Un ange en songe est venu me confier le droit de faire un voeu. Me souvenant des erreurs irréparables de nos contes de fée, j’ai essayé de ne pas me précipiter, et voici: je souhaite que mes contemporains ne négligent pas de formuler des voeux. Je crains en effet que nous avancions peu à peu dans un monde où plus personne ne s’y ose. Mais faire un voeu, c’est comme allumer son briquet dans la nuit, avouer où l’on se tient, et lancer une promesse au-delà de soi-même.

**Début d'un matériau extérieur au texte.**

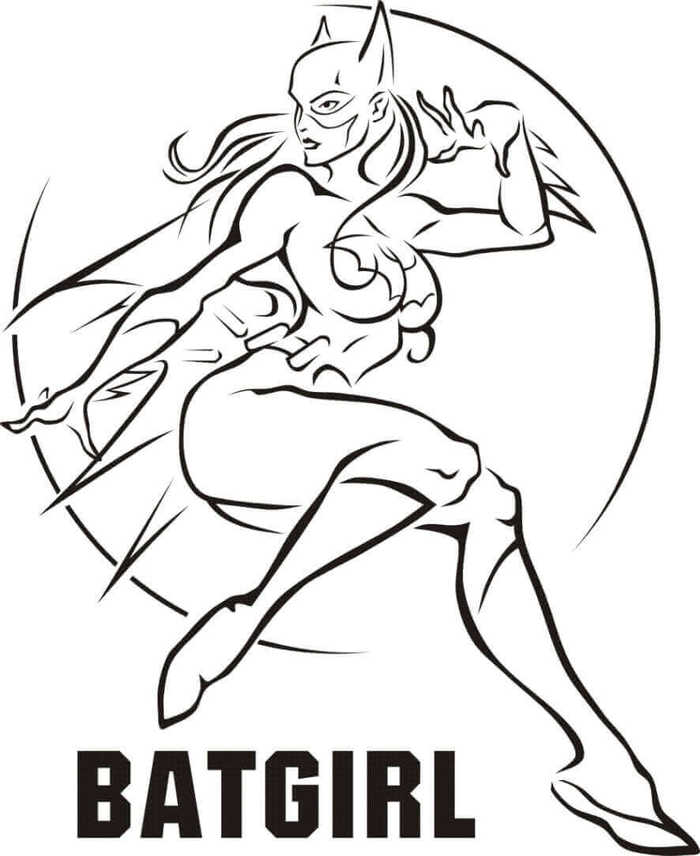 Batgirl Coloring Pages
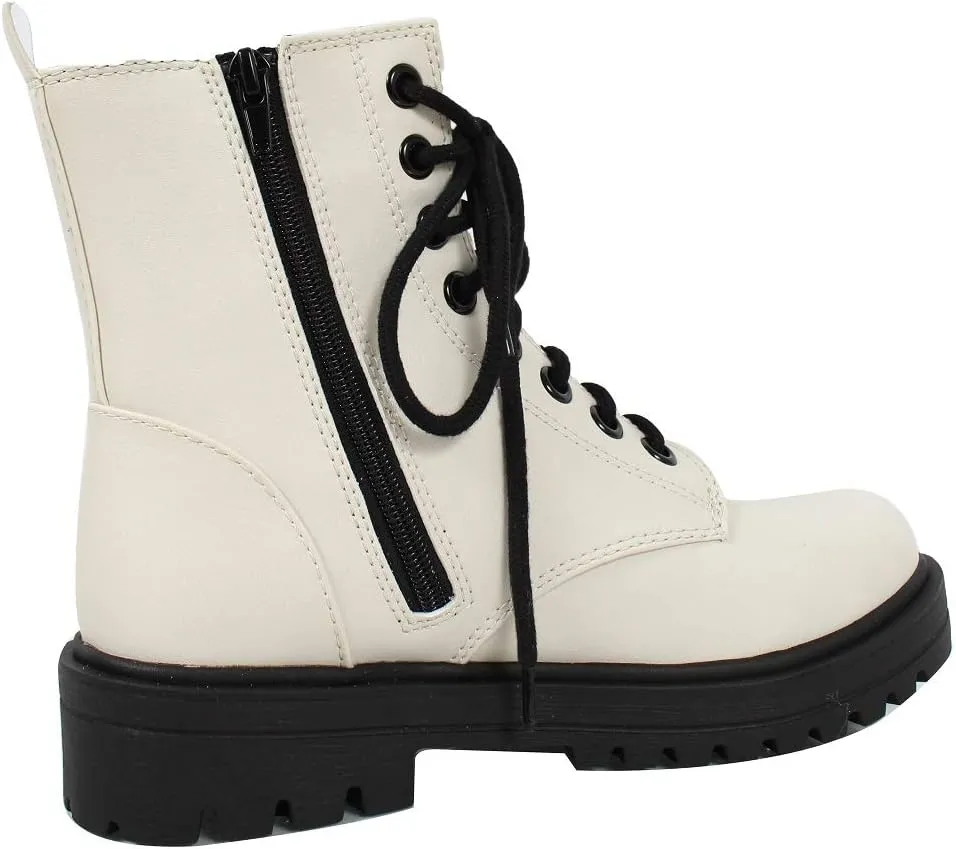 Soda Women's Combat Lace Up Ankle Boot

Il y a trop eu de « voeux pieux », dira-t-on, et l’enfer est pavé de bonnes intentions. Faudrait-il pour autant se mettre en boule et ne plus rien souhaiter, dans la crainte que le voeu se transforme en maléfice? Est-ce une raison pour ne plus risquer le moindre voeu, c’est à dire pour ne plus avouer ce mélange de volonté et d’appel qui fait le propre du voeu? Pensons plutôt: à quelles conditions un voeu pas trop pieux pourrait-il être assez intelligent pour se faire compatible avec le cours complexe du monde, et assez résolument scandaleux pour rompre avec l’injustifiable.
Et comment puis-je risquer un voeu qui pour ne pas être insignifiant doit être cohérent avec ma forme de vie entière, mais qui ne doit pas pour autant étouffer la possibilité d’autres voeux à côté de lui, après lui? Ces obligations sont celles de mon métier de moraliste, et je suis moins payé pour énoncer des règles que pour formuler des voeux. Pour donner aux autres le désir d’imaginer le possible et le préférable; de faire ensemble des voeux.
Olivier Abel
publié dans La Croix du 1er janv.1998.